*DATA FOR THIS TASK*:
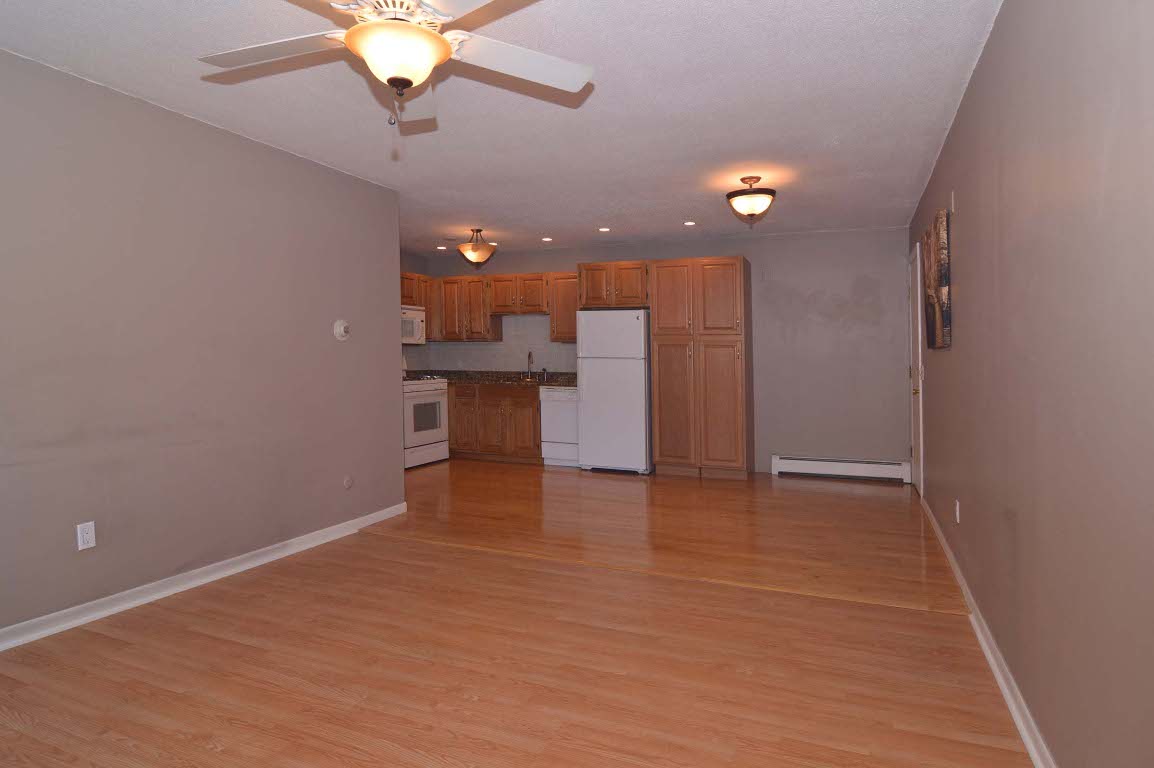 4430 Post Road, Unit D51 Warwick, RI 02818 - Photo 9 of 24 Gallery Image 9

--

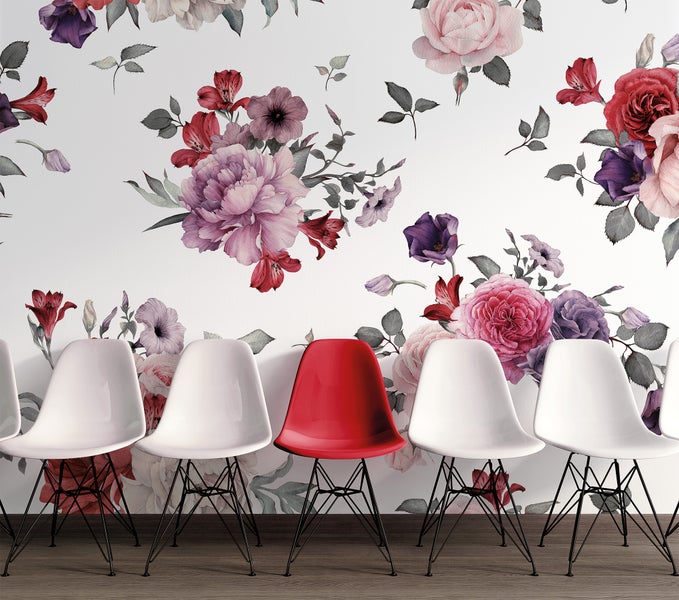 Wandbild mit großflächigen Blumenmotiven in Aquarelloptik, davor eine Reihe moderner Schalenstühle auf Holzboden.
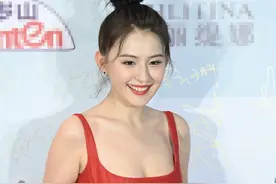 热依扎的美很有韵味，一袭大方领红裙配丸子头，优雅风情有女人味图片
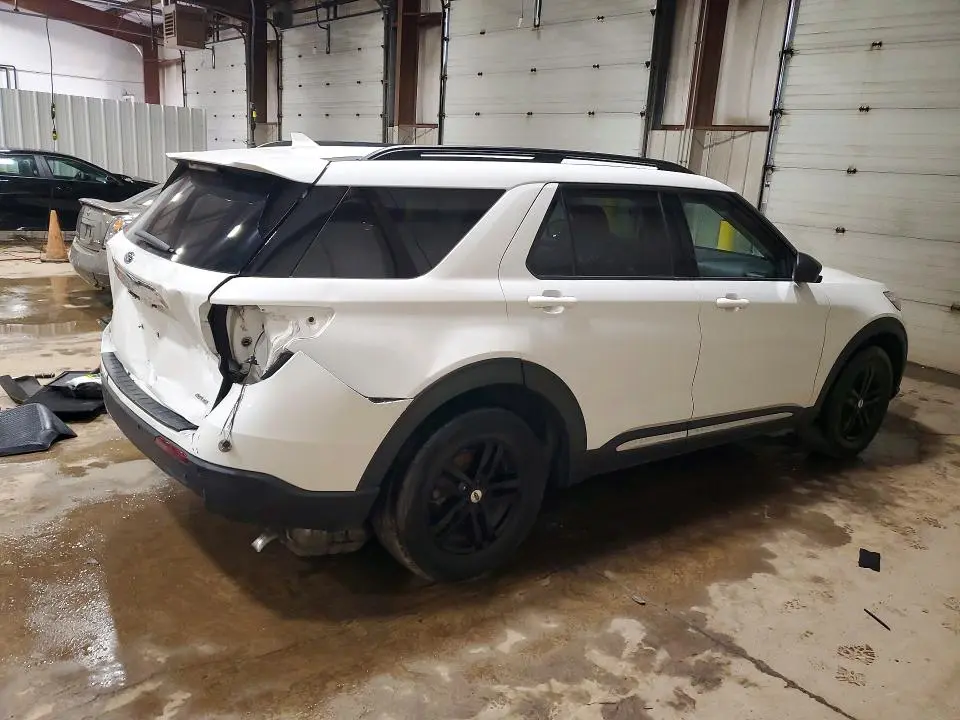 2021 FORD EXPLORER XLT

*REQUIREMENT*:
Copy exactly the lines of the entries above from the one containing "Wandbild mit großflächigen" through the one containing "2021 FORD EXPLORER XLT". Both end lines count; pictures do not.

*SOLUTION TO THE EXERCISE*:
 Wandbild mit großflächigen Blumenmotiven in Aquarelloptik, davor eine Reihe moderner Schalenstühle auf Holzboden.
 热依扎的美很有韵味，一袭大方领红裙配丸子头，优雅风情有女人味图片
 2021 FORD EXPLORER XLT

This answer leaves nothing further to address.